| HN Mirror

Y	Hacker News new \| ask \| show \| jobs


	by Nursie 2508 days ago
	Most devs I know are creating async workloads which don't require cache coherency, as they use parallelism to parallel process separate requests and workloads. I can see things being pretty linear in that sort of space.

2 comments

cjhanks 2508 days ago

They are not linear unless all requests take an identical amount of time OR the system is not oversubscribed (common in many workloads) - and even then, the current linux CFS scheduler has a complexity of `O(log N)`.

When you have variable length requests, you will find cores will not always be balanced, it is simply a statistical reality. And in those cases, the kernel will have to migrate your process to a different core, and if you have 256 cores, that core might be really far away.

link

gmueckl 2508 days ago

Except that they are typically not. The Zen architectures are NUMA and controlling where memory is allocated is key to decent threaded performance. You may even have to do seemingly counterintuitive things like duplicating central data structures across nodes and other tricks from the distributed systems playbook.

link

coder543 2508 days ago

Epyc 2's memory layout is not like Epyc 1. Epyc 2 is very simple.

link

jdsully 2508 days ago

Yup everything is equally slow now. Kinda sad, but the original NUMA design was treated as a glass half empty situation instead of AMD letting people maximize performance. This change lets them avoid the bad press and everyone is happier despite the final design being slower than it could have been.

link

gmueckl 2508 days ago

Epyc 2 has different memory latencies within and across NUMA nodes according to the infirmation I have. So it is not equally slow for all memory. Can you point me to a source that says otherwise?

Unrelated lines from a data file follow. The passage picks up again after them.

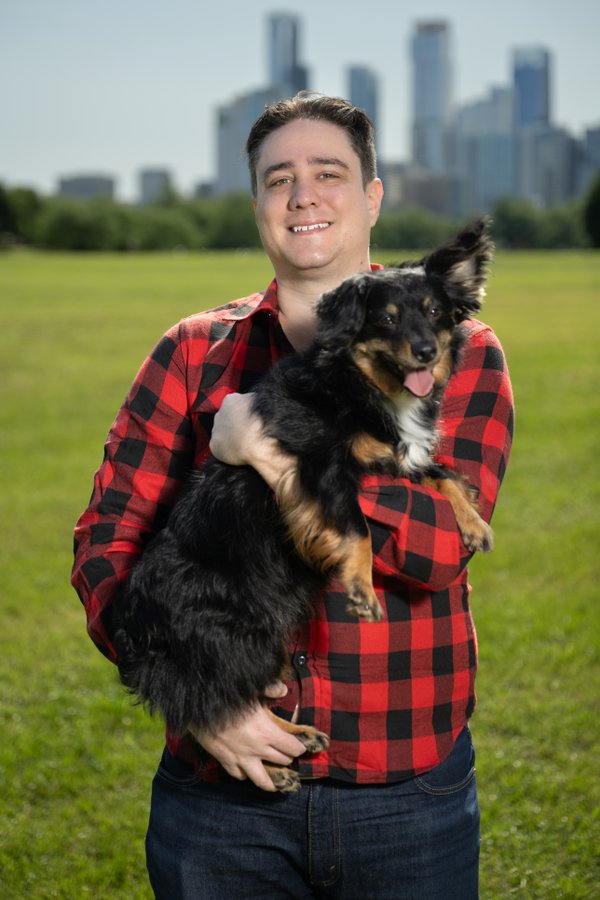 Dating Portrait example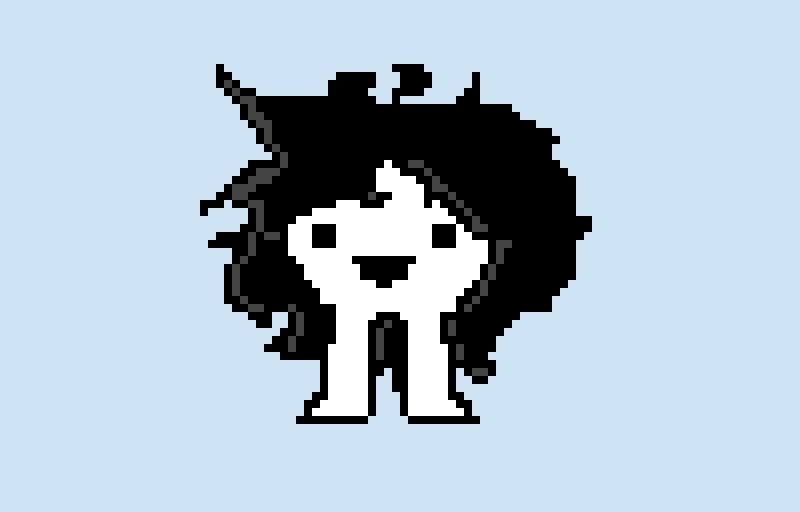 vosh the silly guy original character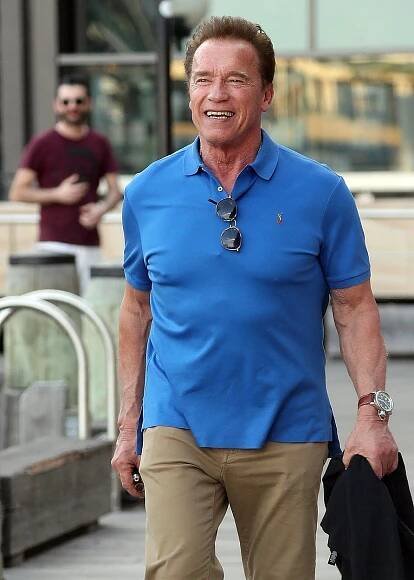 A jedeš! Arnold Schwarzenegger dva měsíce po operaci srdce už vyjel na kole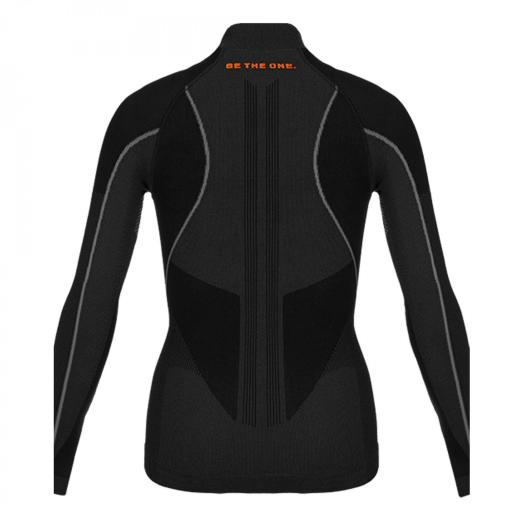 REUSCH - Térmica Undershirt Junior. Negro-Naranja [1]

Edit: my source is this German article: https://www.heise.de/newsticker/meldung/AMD-Server-CPUs-Epyc...

link

jdsully 2508 days ago

See the architecture diagram here: https://www.anandtech.com/show/14694/amd-rome-epyc-2nd-gen/2

Everything goes through the central crossbar on the I/O die, where Zen1 had memory attached directly to each CPU chiplet which would relay as necessary. On Zen1 if you accessed direct attached memory you wouldn't pay the latency penalty from relaying the data. In Zen2 all data is relayed via the I/O die with the associated delay that entails.

link

gmueckl 2508 days ago

I did some more digging. It seems like the Linux NUMA topology shown in the anandtech article is a deliberate lie. There are different latencies between cores and memory comtrollers on the same socket, but these are deemed to be insignificant enough to not expose them in the reported NUMA topology.

link

wmf 2508 days ago

Epyc 1 was NUMA within the socket while Epyc 2 is officially UMA within the socket (although not really). Unfortunately Epyc memory latency is much higher than Intel so it's fair to call it uniformly slow.

link

Jweb_Guru 2506 days ago

Yeah, I actually was not so happy with the benchmarks because the memory access latency is not all that good... for most of the workloads that I care about, I don't know that the Epyc will be faster than a Xeon.

link